Craft Fairs and Events

Blacksmithing at the Cowpe Smithy

I always love trying out new crafts and experiencing new craft techniques. When I was (a lot) younger, I enrolled for a night school class on Decorative Wrought Ironwork but it was cancelled at the last minute due to numbers and I hadn’t found anything similar in the area since.

So I was thrilled to receive a gift voucher for a Blacksmithing Taster day for my birthday this year from my lovely husband. I duly rang and booked myself in for Friday 24th February, hoping that my arm muscles would be strong enough.

The course was run by Cowpe Smithy and included all the materials you need to create 2 – 3 pieces that you take home with you afterwards, as well as safety glasses and a leather protective apron.
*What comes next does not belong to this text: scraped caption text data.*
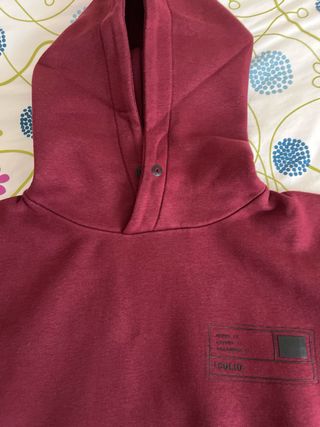 Sudadera Zara Granate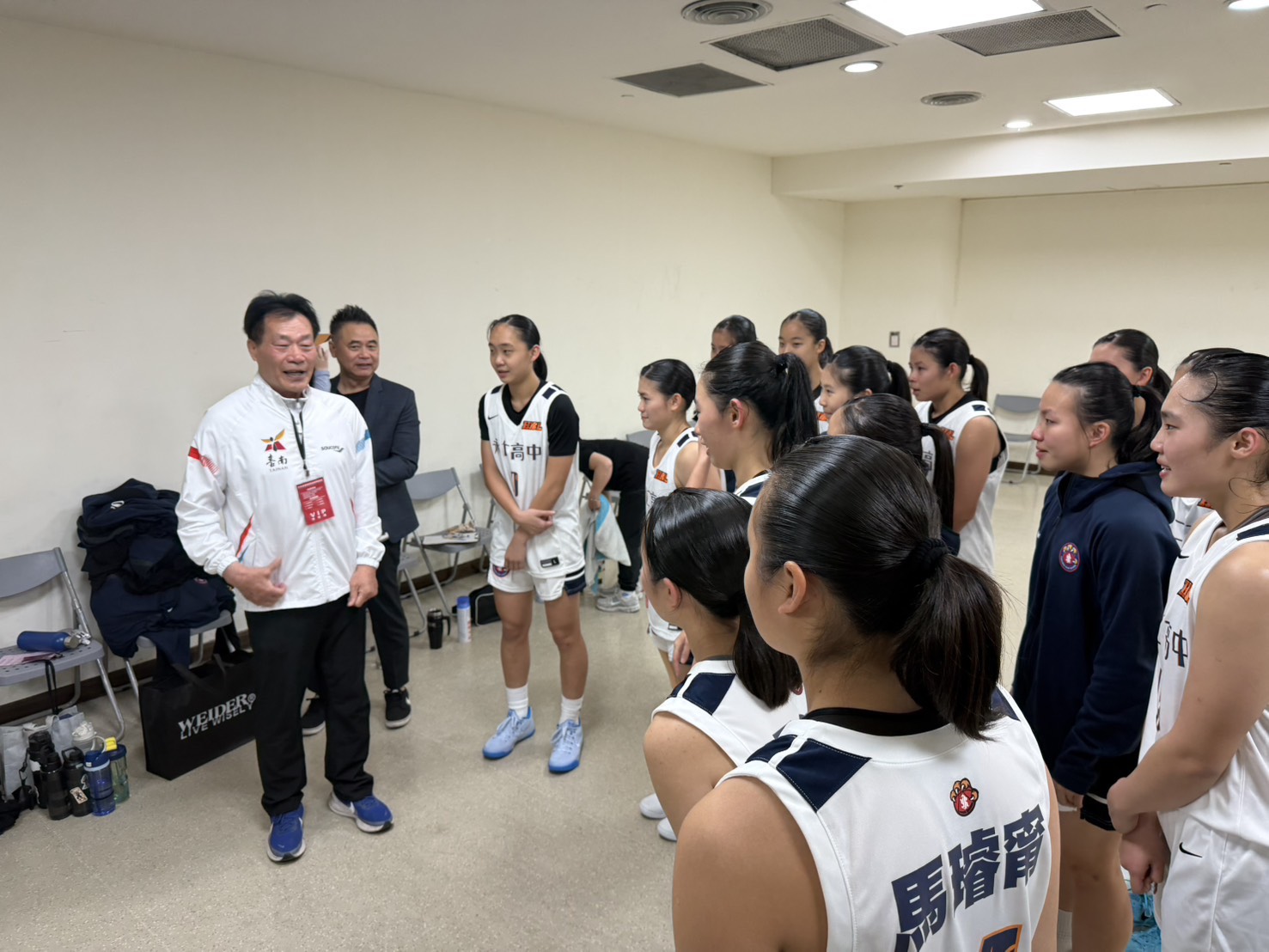 拚戰到底不留遺憾　永仁高中摘下HBL高中女子組季軍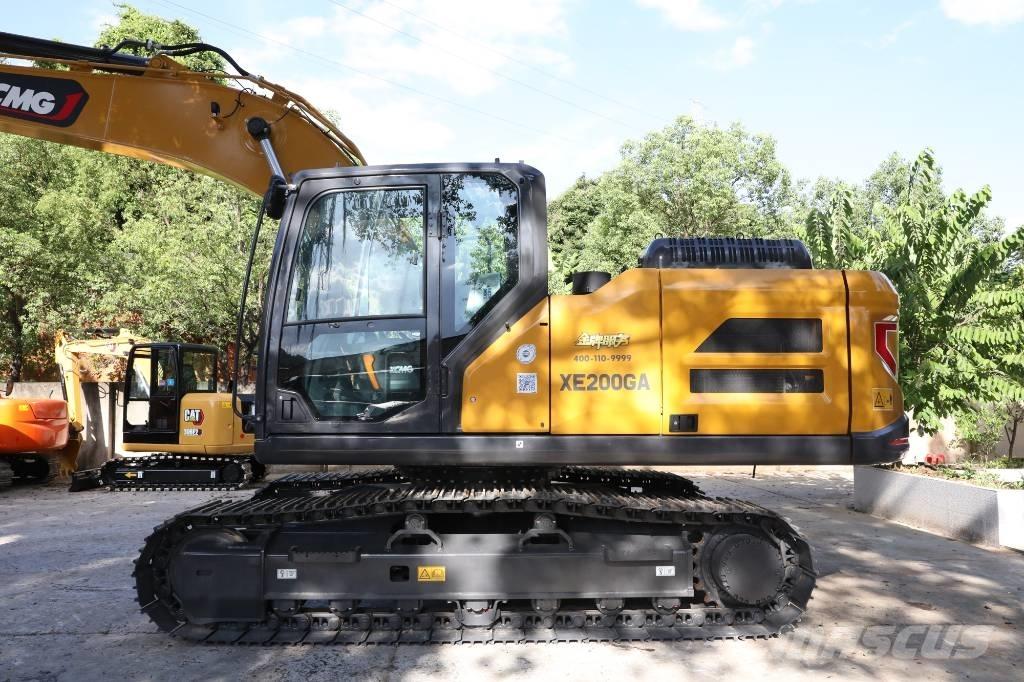 XCMG XE200 GA Bandgrävare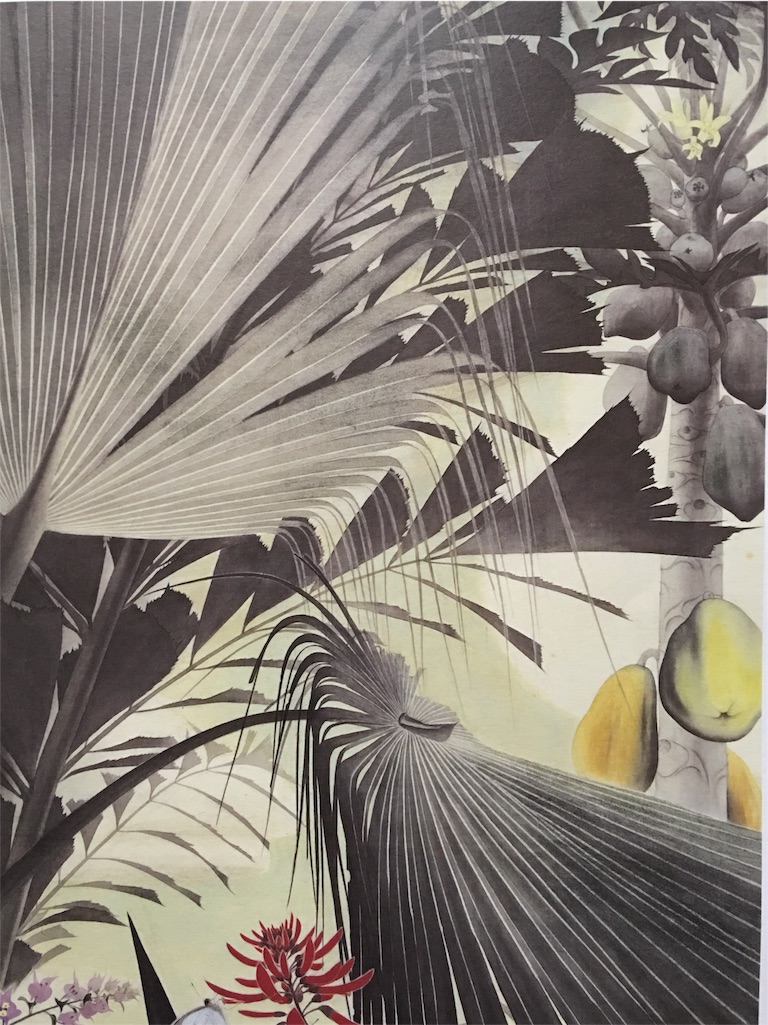 田中一村の『アダンの木』に魅せられて - 照る葉の森から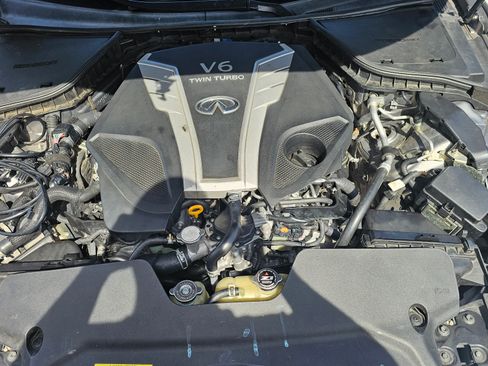 Used 2016 INFINITI Q50 Sport image 9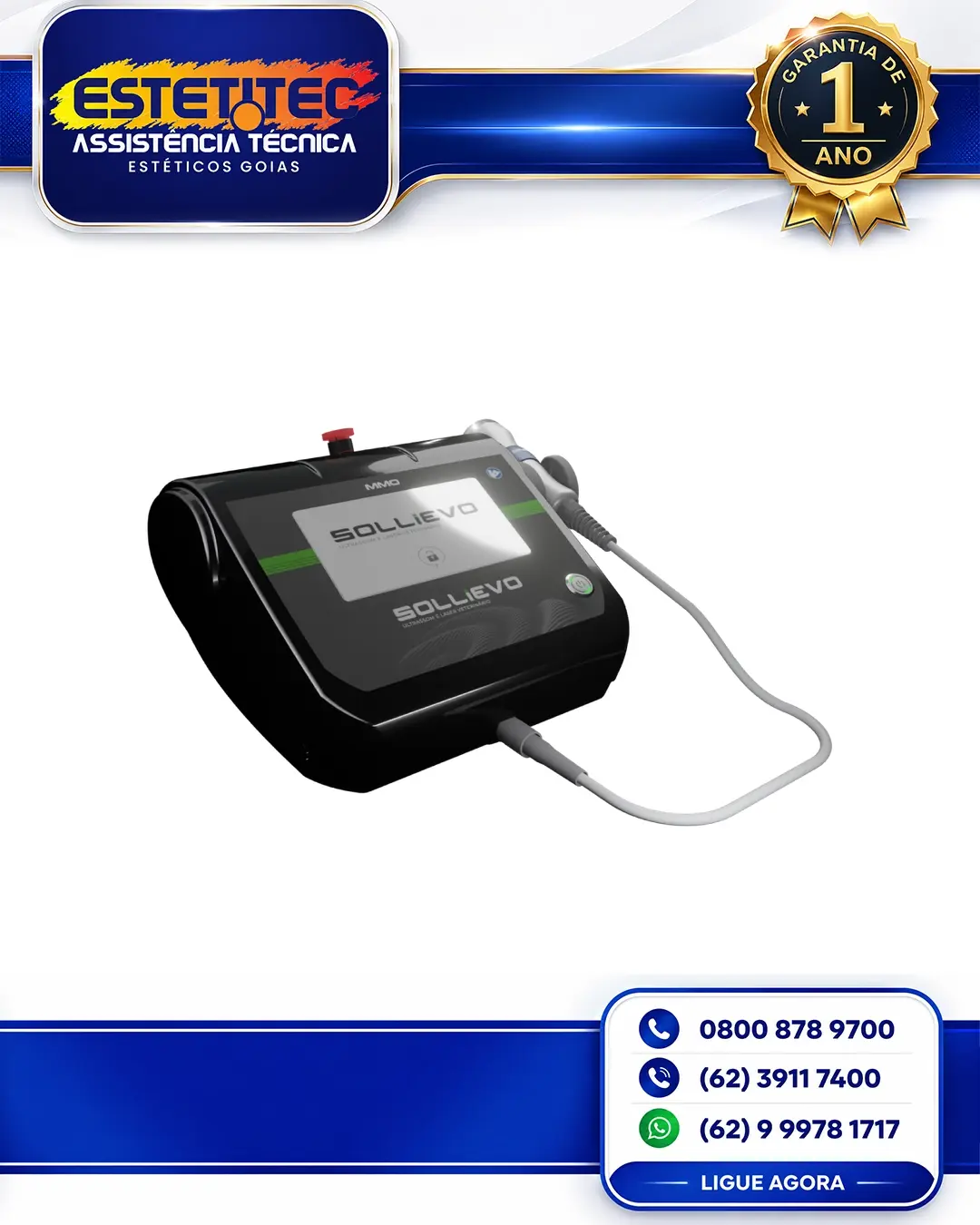 MANUTENÇÃO PREVENTIVA MMO SOLLIEVO GOIÁS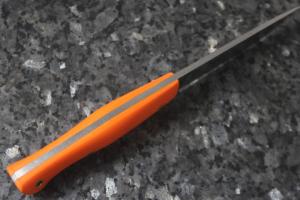 Ніж - Timoshin Outdoor Heavy Duty 120 - RWL-34 (Кріо)/Orange G-10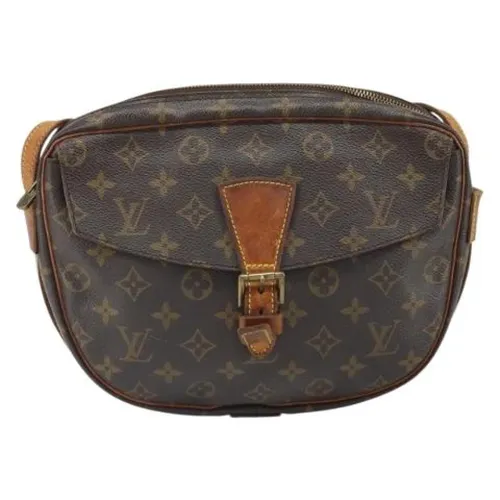 Pre-owned Vintage Monogram Canvas Shoulder Bag - Louis Vuitton Vintage - Modalova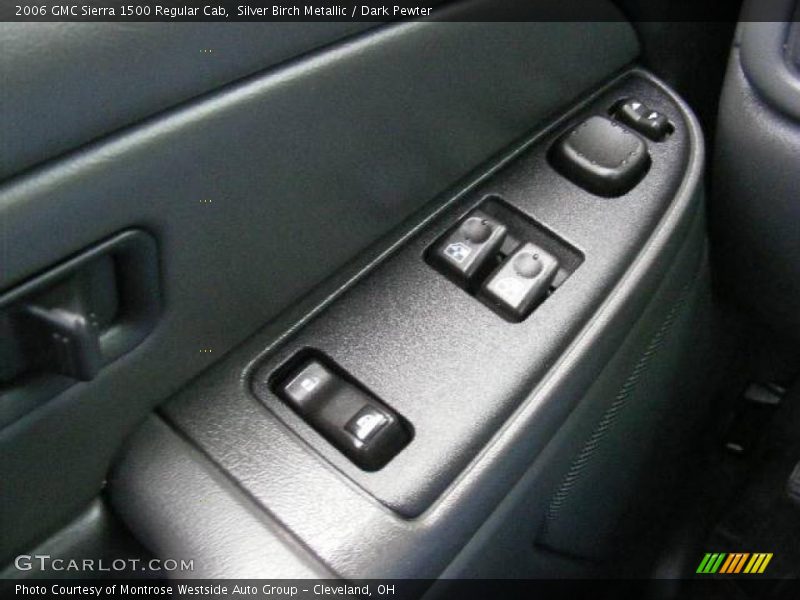 Silver Birch Metallic / Dark Pewter 2006 GMC Sierra 1500 Regular Cab
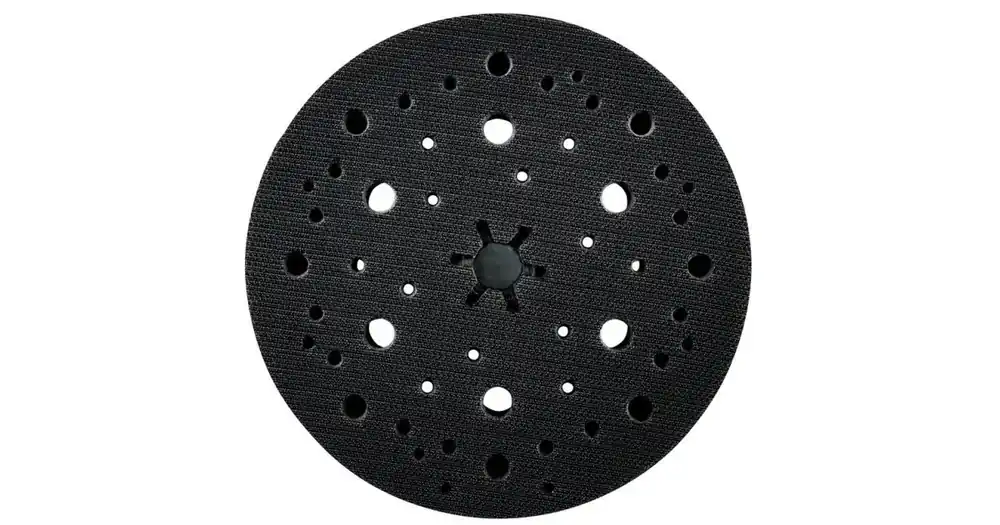 Direct leverbaar | METABO Schuurschijf 150 mm, "multi-hole", medium, SXE 150 BL 630259000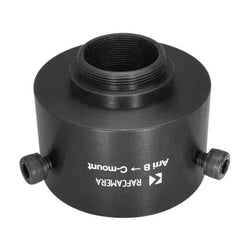 Arri Bayonet (Arri-B) lens to C-mount camera adapter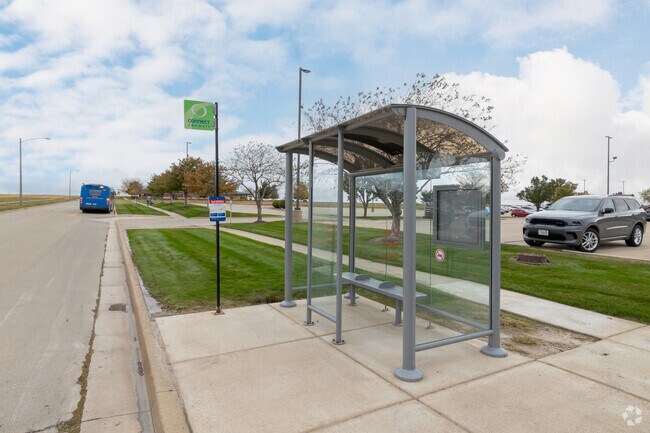 Transit Connect is the best method of public transportation to get around from Eagles Landing.
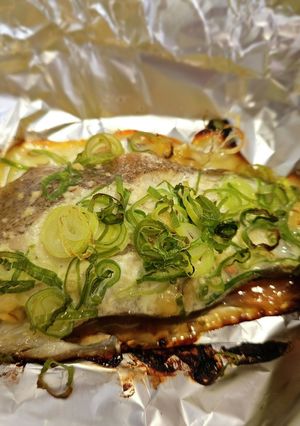 魚の味噌マヨホイル焼き-レシピのメイン写真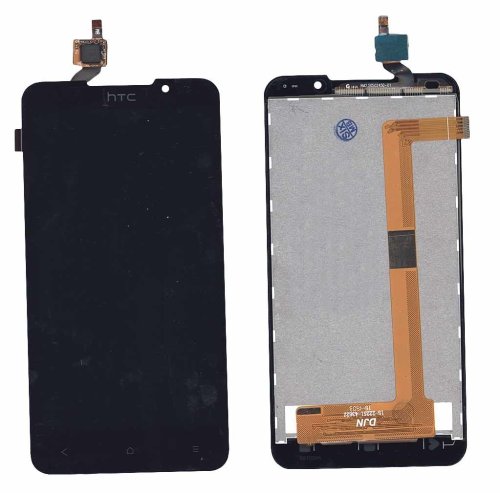 Дисплейний модуль із тачскріном для HTC Desire 516 Dual Sim, чорний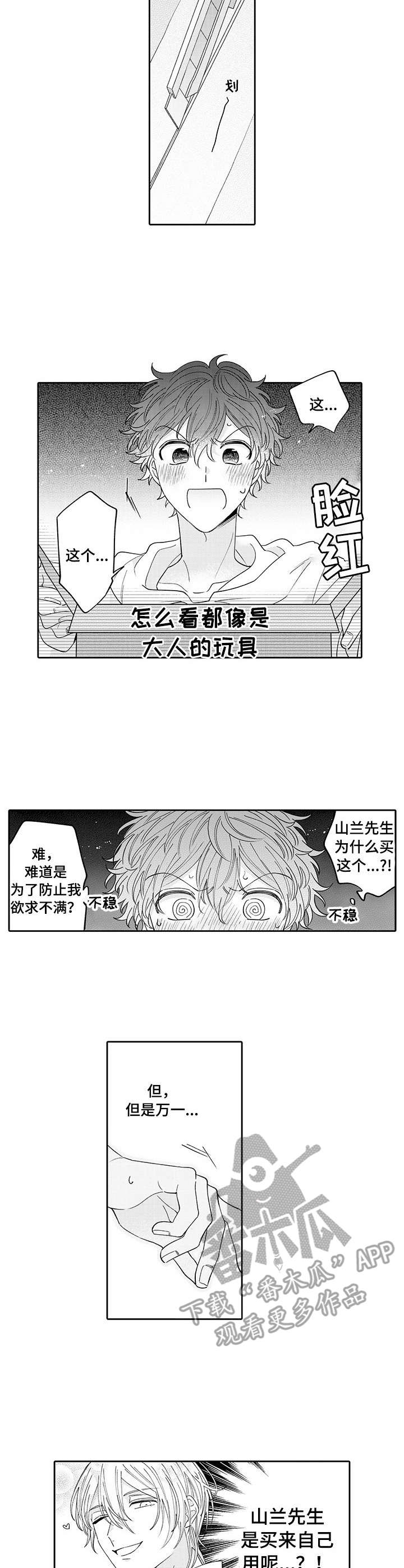 《偶像秘密》第20章玩具 第3页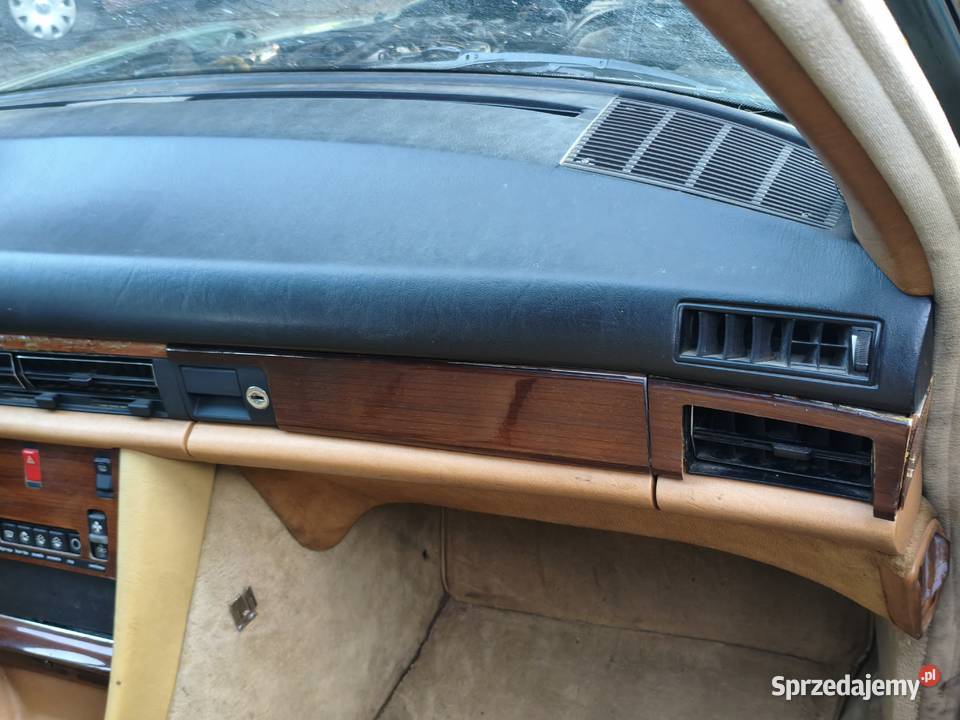Mercedes w126 500 se dolnośląskie Lubań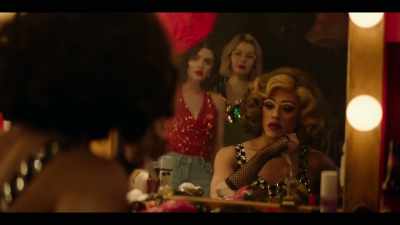 I was  doing my thing
out there, - Katy Keene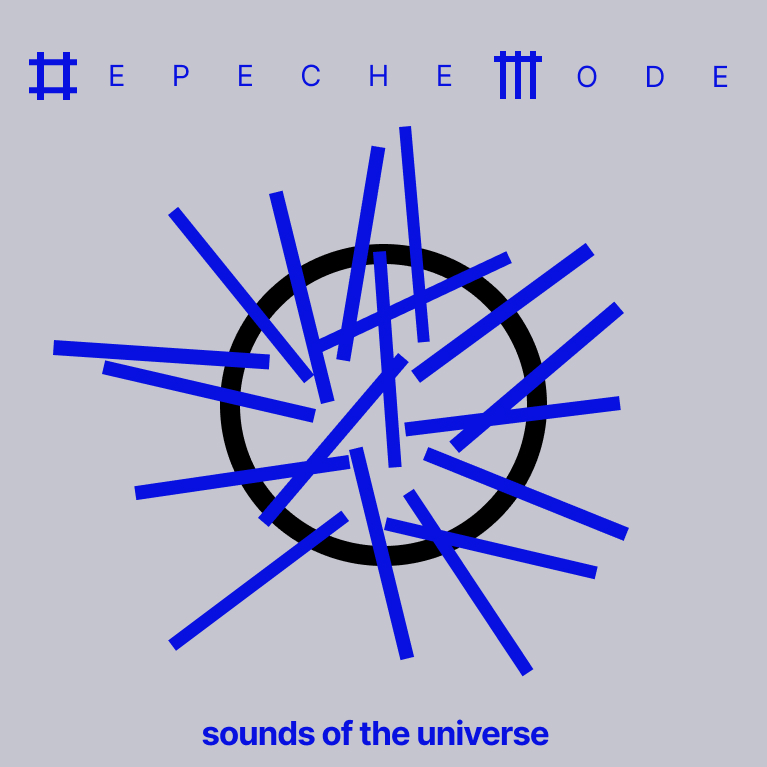 Album Depeche mode bleu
They keep class sizes to a maximum of 3 people so that everyone gets the most from the day but I was lucky to have one to one tuition as the only participant on that day.

The Cowpe Smithy is set in the Lancashire Pennines amidst stunning moorland scenery in the small village of Cowpe.  Built at the home of Robin & Sue Sharples, the smithy itself is a World War 1 inspired workshop, equipped with a traditional coke fired forge. Last year, they appeared on Channel 4’s ‘Amazing Spaces Shed of The Year’ and triumphed in the category for Best Workshop & Studio Shed. Robin is also the owner of the world’s largest collection of anvils!

The day started with a brew and a biscuit, and introductions to Robin, his wife, Sue, who does all the catering, and Daren, a fully qualified industrial and decorative blacksmith. We chatted about what we were going to create and decided on a poker and rake for our woodburning stove that we use in the Glawning when we are camping. My husband had suggested that we kept the length of the poker to a maximum of 13” so that it could be kept inside the stove when not in use, and whilst we did make him one, we made a full sized one too.

As a complete novice, I was a bit nervous, but we soon got stuck into creating my steel ‘masterpieces’.  We started by drawing down the end of the square steel rod to form the handle for the poker and then the rake. This was then curved to form a hook for hanging. We then heated the middle of the rods and twisted them to form a decorative spiral, one of which was cut first on all four sides to create a more elaborate twist.

And all this was done before lunchtime! Lunch was a lovely, large plateful of spicy porkballs served with a choice of cous cous, rice or noodles, handmade by Sue. It was absolutely delicious. After a fantastic hearty feed and a good natter, we returned to our blacksmithing.

Using a technique called ‘upsetting’(the opposite of drawing) we pushed in the end of the poker to produce a thicker profile. We then produced the point by drawing down the end, which made the poker look very professional and gives it a fantastic finish.

We completed the rake by flattening the end and then turning this to create a right angle. This was then doubled back on itself to create the fancy rake end.

Once the items had been cleaned using a wire brush (by Robin, whilst Daren and I drank tea and ate biscuits in the toasty kitchen – thanks Robin), we then covered the hot items with beeswax and wiped clean – this protects them against rusting.

I love my ‘makes’ and thoroughly enjoyed my blacksmithing taster day. Daren and Robin were patient and friendly, and were fantastic tutors. They are passionate and very obviously love what they do – it would be hard not to join in.

I was really pleased that I can swing a hammer with the best of them, maybe not quite as forcefully as others but effective nonetheless. My upper right arm and shoulder did ache a little bit on Saturday morning but it was all worthwhile. Such a brilliant day, I will be recommending it to everyone.

Crafting is very good for the soul. Amen.